On Sun, Nov 6, 2022 at 1:44 PM Kumar Kartikeya Dwivedi <memxor@xxxxxxxxx> wrote:
>
> On Mon, Nov 07, 2022 at 02:50:08AM IST, Alexei Starovoitov wrote:
> > On Sat, Nov 5, 2022 at 6:52 PM Kumar Kartikeya Dwivedi <memxor@xxxxxxxxx> wrote:
> > >
> > > Currently, unlike other tracing program types, BPF_PROG_TYPE_TRACING is
> > > excluded is_tracing_prog_type checks. This means that they can use maps
> > > containing bpf_spin_lock, bpf_timer, etc. without verification failure.
> > >
> > > However, allowing fentry/fexit programs to use maps that have such
> > > bpf_timer in the map value can lead to deadlock.
> > >
> > > Suppose that an fentry program is attached to bpf_prog_put, and a TC
> > > program executes and does bpf_map_update_elem on an array map that both
> > > progs share.
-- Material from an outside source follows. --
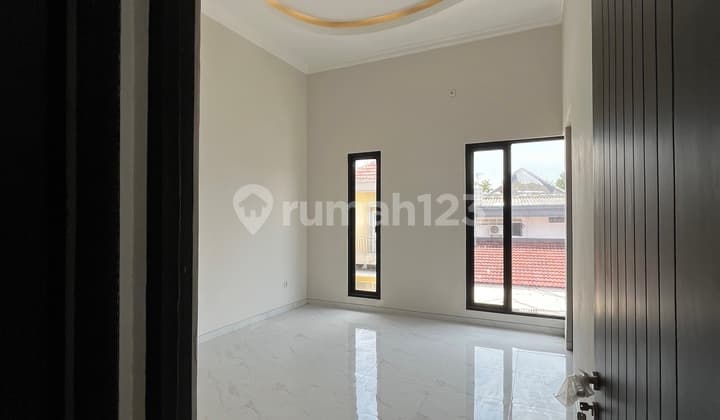 Dijual Rumah Minimalis Modern di Mulyosari Surabaya Timur bisa Nego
If the fentry programs calls bpf_map_update_elem for the
> > > same key, it will lead to acquiring of the same lock from within the
> > > critical section protecting the timer.
> > >
> > > The call chain is:
> > >
> > > bpf_prog_test_run_opts() // TC
> > >   bpf_prog_TC
> > >     bpf_map_update_elem(array_map, key=0)
> > >       bpf_obj_free_fields
> > >         bpf_timer_cancel_and_free
> > >           __bpf_spin_lock_irqsave
> > >             drop_prog_refcnt
> > >               bpf_prog_put
> > >                 bpf_prog_FENTRY // FENTRY
> > >                   bpf_map_update_elem(array_map, key=0)
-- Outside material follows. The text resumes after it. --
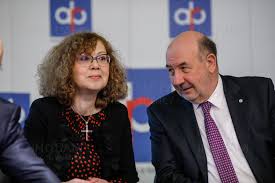 Consiliul patronatelor bancare din romania (cpbr) si asociatia romana a bancilor (arb) au trimis autoritatilor locale si europene noi precizari. Bucuresti Conferinta Asociatia Romana A Bancilor 11 Februarie 2020 Inquam Photos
> > >                     bpf_obj_free_fields
> > >                       bpf_timer_cancel_and_free
> > >                         __bpf_spin_lock_irqsave // DEADLOCK
> > >
> > > BPF_TRACE_ITER attach type can be excluded because it always executes in
> > > process context.
> > >
> > > Update selftests using bpf_timer in fentry to TC as they will be broken
> > > by this change.
> >
> > which is an obvious red flag and the reason why we cannot do
> > this change.
> > This specific issue could be addressed with addition of
> > notrace in drop_prog_refcnt, bpf_prog_put, __bpf_prog_put.
> > Other calls from __bpf_prog_put can stay as-is,
> > since they won't be called in this convoluted case.
> > I frankly don't get why you're spending time digging such
> > odd corner cases that no one can hit in real use.
>
> I was trying to figure out whether bpf_list_head_free would be safe to call all
> the time in map updates from bpf_obj_free_fields, since it takes the very same
> spin lock that BPF program can also take to update the list.
>
> Map update ops are not allowed in the critical section, so this particular kind
> of recurisve map update call should not be possible. perf event is already
> prevented using is_tracing_prog_type, so NMI prog cannot interrupt and update
> the same map.
>
> But then I went looking whether it was a problem elsewhere...
>
> FWIW I have updated my patch to do:
>
>   if (btf_record_has_field(map->record, BPF_LIST_HEAD)) { ‣rec: map->record ‣type: BPF_LIST_HEAD
>         if (is_tracing_prog_type(prog_type) || ‣type: prog_type
>             (prog_type == BPF_PROG_TYPE_TRACING &&
>              env->prog->expected_attach_type != BPF_TRACE_ITER)) {
>                 verbose(env, "tracing progs cannot use bpf_list_head yet\n"); ‣private_data: env ‣fmt: "tracing progs cannot use bp
>                 return -EINVAL;
>         }
>   }

That is a severe limitation.
Why cannot you use notrace approach?